Here is a chart of apparel trends sent to me last week by reader Tim Wallace.
Wallace Writes ….
As I have been saying over the past several months there is a tremendous unit drop going on in the import apparel industry, but it is not reflected in reporting because dollars keep going up, at least until recently when they flat-lined.
The attached chart looks at the two criteria together, dollars imported and units imported reflected as meters square. As you can see, the dollars kept going up but the units turned south back in May, yes the very May my petroleum distillates distinctly show the economy turning south.
Things are just starting south like towards the end of 2007. Give it time.
Demand is plummeting.
For Tim Wallace’s latest report on gasoline and petroleum usage, please see Year-Over-Year Gasoline and Petroleum Usage Charts; Shares Decline as Chevron Warns of Weaker 4th Quarter Earnings.
JC Penney’s Slashes Prices on All Merchandise by “At Least 40%”
I had forgotten about the apparel chart from Wallace but was reminded of it today by this headline news story today in USA Today: Penney’s slashing prices on all merchandise
J.C. Penney is permanently marking down all of its merchandise by at least 40% so shoppers will no longer have to wait for a sale to get the lowest prices in its stores.
Penney (JCP) said Wednesday that it is getting rid of the hundreds of sales it offers each year in favor of a simpler approach to pricing. On Feb. 1, the retailer is rolling out a three-tiered strategy that offers “Every Day” low pricing daily, “Monthly Value” discounts on select merchandise each month and clearance deals called “Best Price” during the first and the third Friday of each month when many shoppers get paid.
Penney’s plan comes at a time when stores are struggling to wean shoppers off the profit-busting bargains that they have come to expect in a weak economy. The move is risky because shoppers who love to bargain hunt may be turned off by missing the thrill they might get from feeling like they’re getting a deal.
“The big question on investors’ minds will be how customers react to a single price point versus a perceived discount under the old strategy,” says Citi Investment Research analyst Deborah L. Weinswig.

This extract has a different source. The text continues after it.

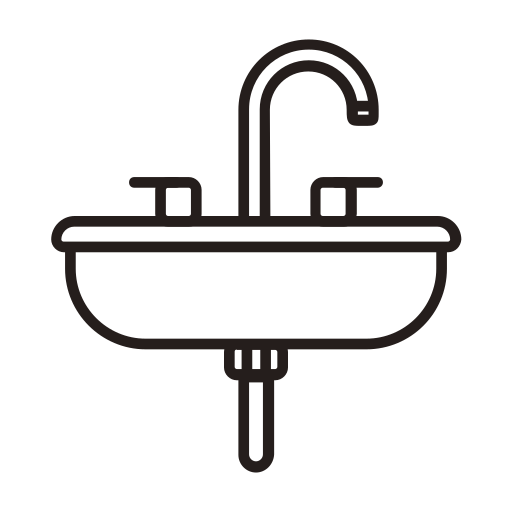 Furniture - wash basin Icon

The plan is the brainchild of former Apple executive Ron Johnson who became Penney’s CEO in November.
How Pricing Strategy Works
- Sale prices become everyday prices. The company will use last year’s sales figures to slash all prices at least 40% or lower than last year’s prices. So, a woman’s St. John’s Bay blouse regularly priced at $14.99 could have the “Every Day” price of $7.

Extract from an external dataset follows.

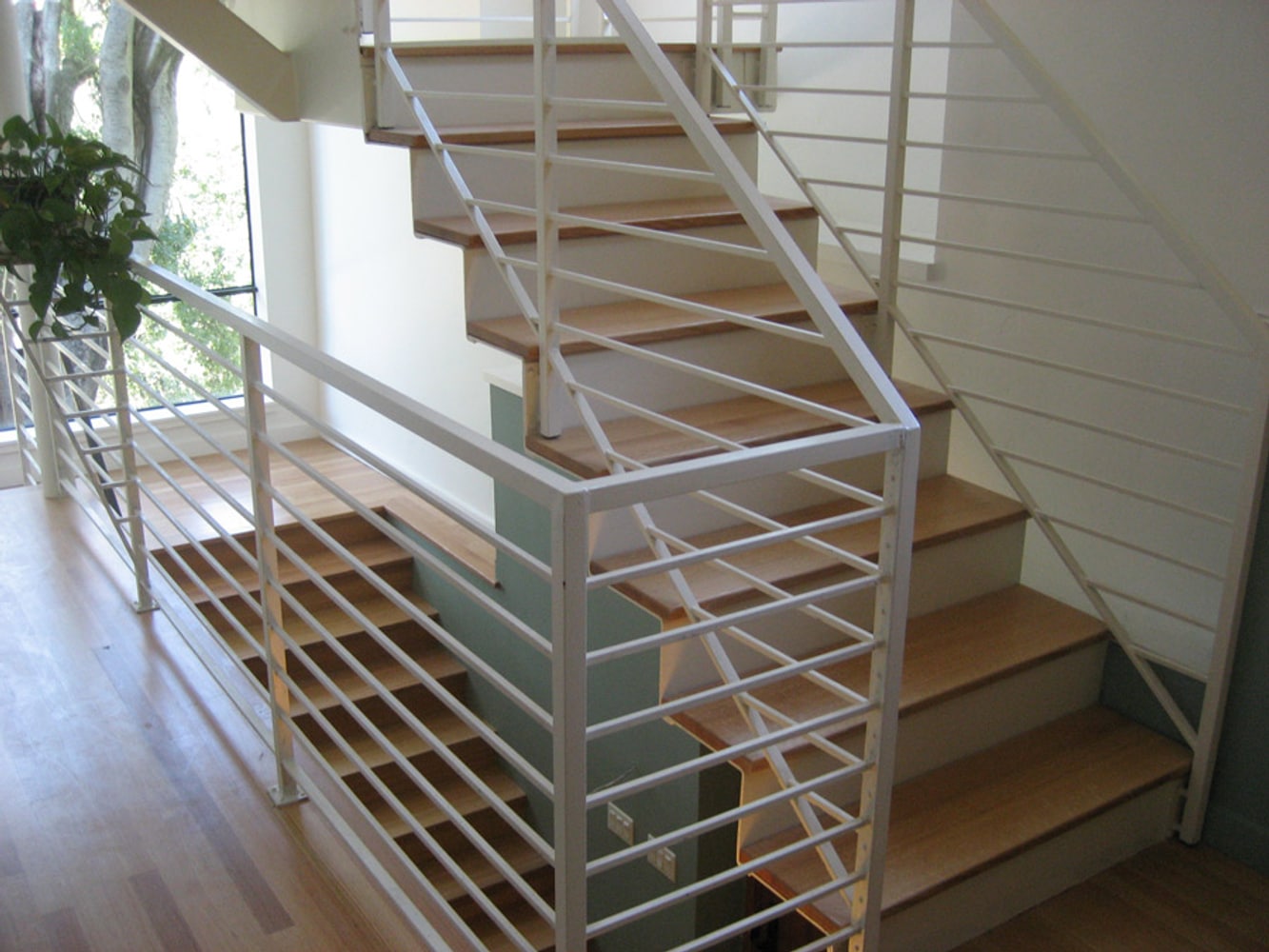 Avis Hardwood Flooring Project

- Fewer sales. The retailer will pick items to go on sale each month for a “Monthly Value.” Items that don’t sell well go on clearance and will be tagged “Best Price,” signaling to customers that it’s the lowest price.
- New tags. The retailer used to pile stickers on price tags to indicate each time an item was marked down. Now, when an item gets a new price, it gets a new tag. A red tag indicates an “Every Day” price, a white tag a “Monthly Value” and a blue tag a “Best Price.”
- Simpler pricing. Penney will use whole figures when pricing items. You won’t see jeans with a price tag of $19.99, but rather $20.
Price Deflation Hits Penney’s
Here is another way of looking at things: Price deflation hits J.C. Penny’s. In turn, this will place pressure on other retailers to do the same.
Those who think Bernanke’s attack on the dollar can stave this off have another thing coming.